From Here to Now to You is the sixth studio album by American singer-songwriter Jack Johnson. The album was released on September 17, 2013. The album's first single, "I Got You", was released on June 10, 2013.

==Commercial performance==
The album debuted at number one on the Billboard 200 chart, with first-week sales of 117,000 copies in the United States.
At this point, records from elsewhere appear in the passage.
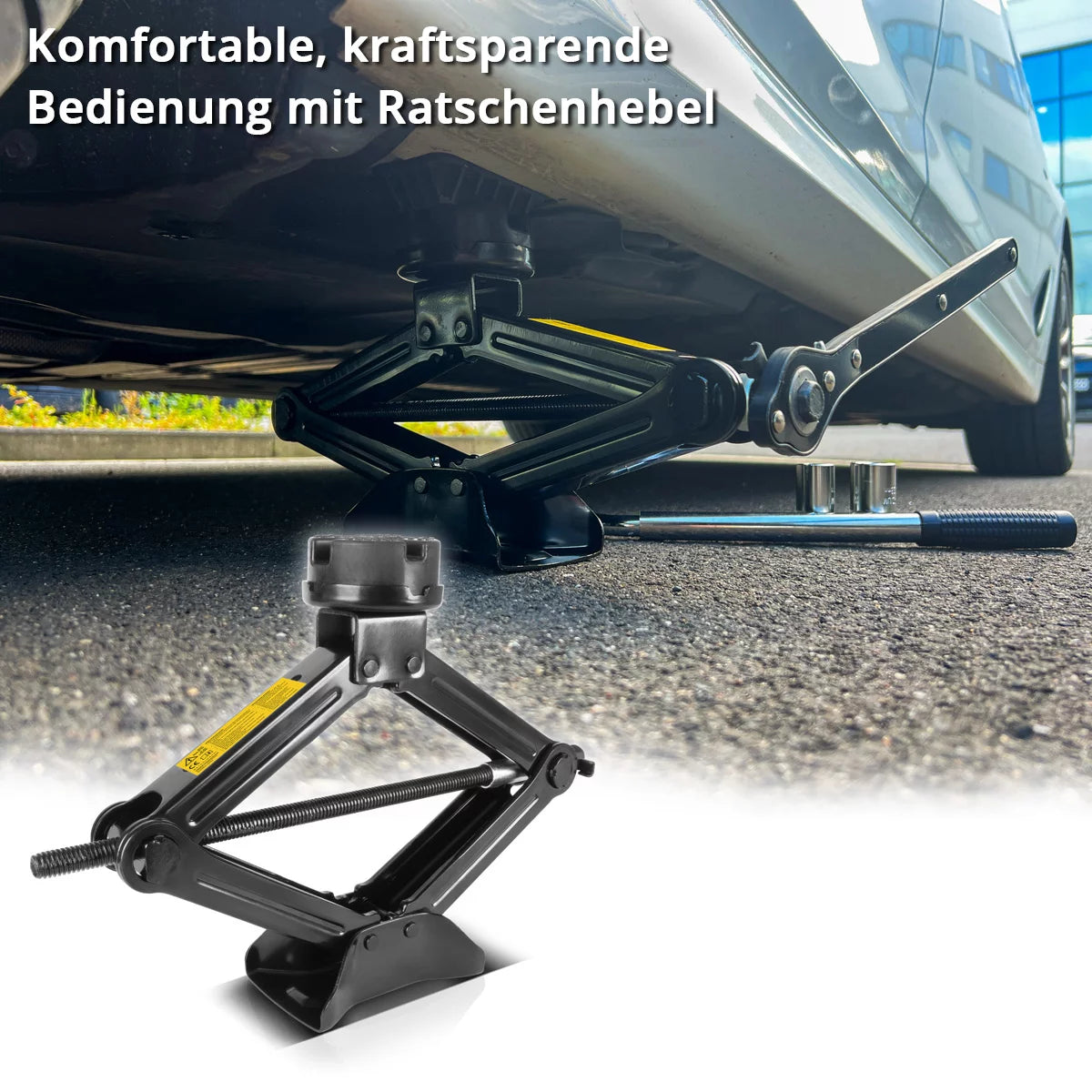 Cric per auto STAHLWERK SWH-2 ST | Martinetto a forbice | Capacità di sollevamento 2 tonnellate | Chiave per dadi ruota telescopica con presa 17, 19 mm | Borsa per il trasporto | Set di cric compatto per cambio gomme e officina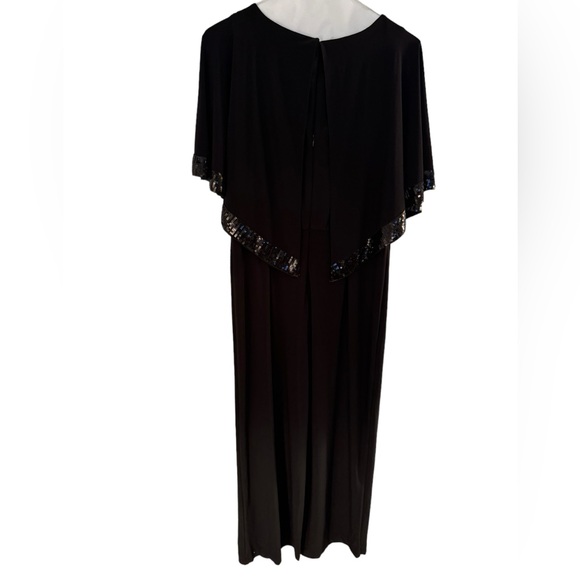 Women’s Boston Proper Black Jumpsuit With Attached Cape/Flutter Top With Sequins - Picture 8 of 14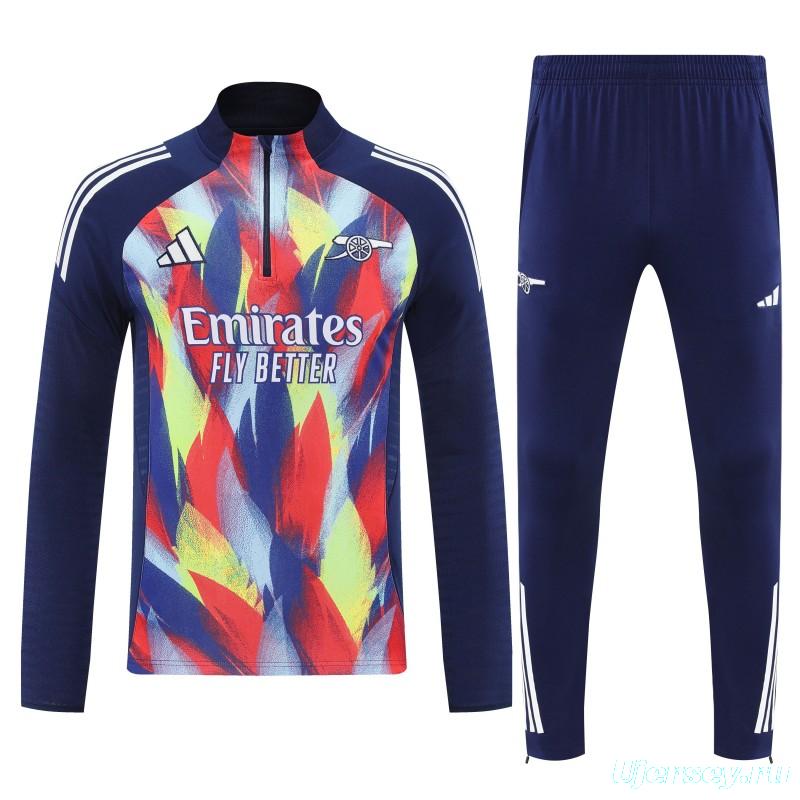 26/27 Arsenal Navy Blue Flame Print Half Zipper Jacket Tracksuit + Long Pants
The album also debuted at the top of the Canadian Albums Chart, as well as the Billboard Digital Albums chart, Top Rock Albums chart, Alternative Albums chart, and Folk Albums chart in the United States.

==Track listing==

From Here to Now to You track listing
| No. | Title | Length |
|---|---|---|
| 1. | "I Got You" | 2:59 |
| 2. | "Washing Dishes" | 3:26 |
| 3. | "Shot Reverse Shot" | 3:10 |
| 4. | "Never Fade" | 4:02 |
| 5. | "Tape Deck" | 3:21 |
| 6. | "Don't Believe a Thing I Say" | 3:14 |
| 7. | "As I Was Saying" | 3:45 |
| 8. | "You Remind Me of You" | 2:24 |
| 9. | "Radiate" (Johnson, Merlo Podlewski, Zach Gill, Adam Topol) | 4:15 |
| 10. | "Ones and Zeros" (Johnson, Podlewski, Gill, Topol) | 4:27 |
| 11. | "Change" (featuring Ben Harper) | 3:14 |
| 12. | "Home" | 3:01 |

Target bonus tracks
| No. | Title | Length |
|---|---|---|
| 13. | "I Got You" (4-track demo) | 3:46 |
| 14. | "As I Was Saying" (4-track demo) | 3:36 |

==Personnel==
- Jack Johnson – vocals, guitar, ukulele, dobro, percussion
- Adam Topol – drums, percussion
- Merlo Podlewski – bass, piano, vibes, guitar
- Zach Gill – piano, wurlitzer, vibes, glockenspiel, accordion, melodica, vocals, bass kalimba
- Ben Harper – vocals, weissenborn slide guitar on "Change"

==Charts==

===Weekly charts===

Weekly chart performance for From Here to Now to You
| Chart (2013) | Peak position |
|---|---|
| Australian Albums (ARIA) | 3 |
| Austrian Albums (Ö3 Austria) | 5 |
| Belgian Albums (Ultratop Flanders) | 8 |
| Belgian Albums (Ultratop Wallonia) | 19 |
| Canadian Albums (Billboard) | 1 |
| Danish Albums (Hitlisten) | 9 |
| Dutch Albums (Album Top 100) | 8 |
| French Albums (SNEP) | 27 |
| German Albums (Offizielle Top 100) | 9 |
| Italian Albums (FIMI) | 17 |
| Japanese Albums(Oricon) | 16 |
| New Zealand Albums (RMNZ) | 3 |
| Norwegian Albums (VG-lista) | 19 |
| Portuguese Albums (AFP) | 12 |
| South Korean Albums (Circle) | 40 |
| Scottish Albums (OCC) | 13 |
| Spanish Albums (Promusicae) | 21 |
| Swiss Albums (Schweizer Hitparade) | 5 |
| UK Albums (OCC) | 7 |
| UK Album Downloads (OCC) | 4 |
| US Billboard 200 | 1 |
| US Top Alternative Albums (Billboard) | 1 |
| US Americana/Folk Albums (Billboard) | 1 |
| US Top Rock Albums (Billboard) | 1 |

===Year-end charts===

Year-end chart performance for From Here to Now to You
| Chart (2013) | Position |
|---|---|
| Australian Albums (ARIA) | 98 |
| Canadian Albums (Billboard) | 45 |
| US Billboard 200 | 122 |
| US Top Alternative Albums (Billboard) | 19 |
| US Folk Albums (Billboard) | 7 |
| US Top Rock Albums (Billboard) | 29 |
| Chart (2014) | Position |
| US Top Alternative Albums (Billboard) | 43 |
| US Folk Albums (Billboard) | 5 |
| US Top Rock Albums (Billboard) | 62 |

==Certifications and sales==

Certifications and sales for From Here to Now to You
| Region | Certification | Certified units/sales |
| Australia (ARIA) | Gold | 35,000^{‡} |
| Canada (Music Canada) | Platinum | 80,000^{‡} |
| New Zealand (RMNZ) | Gold | 7,500^{‡} |
| Portugal (AFP) | 2× Platinum | 30,000^{^} |
| United Kingdom (BPI) | Silver | 60,000^{‡} |
| United States | — | 177,000 |
^{^} Shipments figures based on certification alone. ^{‡} Sales+streaming figures based on certification alone.